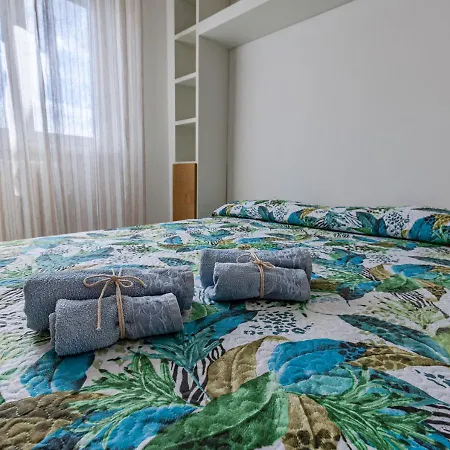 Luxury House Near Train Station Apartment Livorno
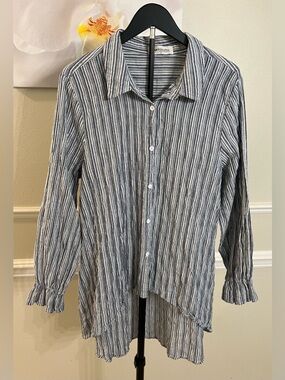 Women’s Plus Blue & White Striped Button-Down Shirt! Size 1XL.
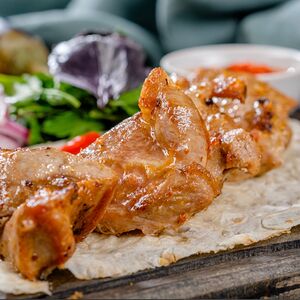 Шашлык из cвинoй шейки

* **TASK DETAILS**
Line by line, write out the material exactly, leaving the images out.

* **TASK RESULT**
 Luxury House Near Train Station Apartment Livorno
 Women’s Plus Blue & White Striped Button-Down Shirt! Size 1XL.
 Шашлык из cвинoй шейки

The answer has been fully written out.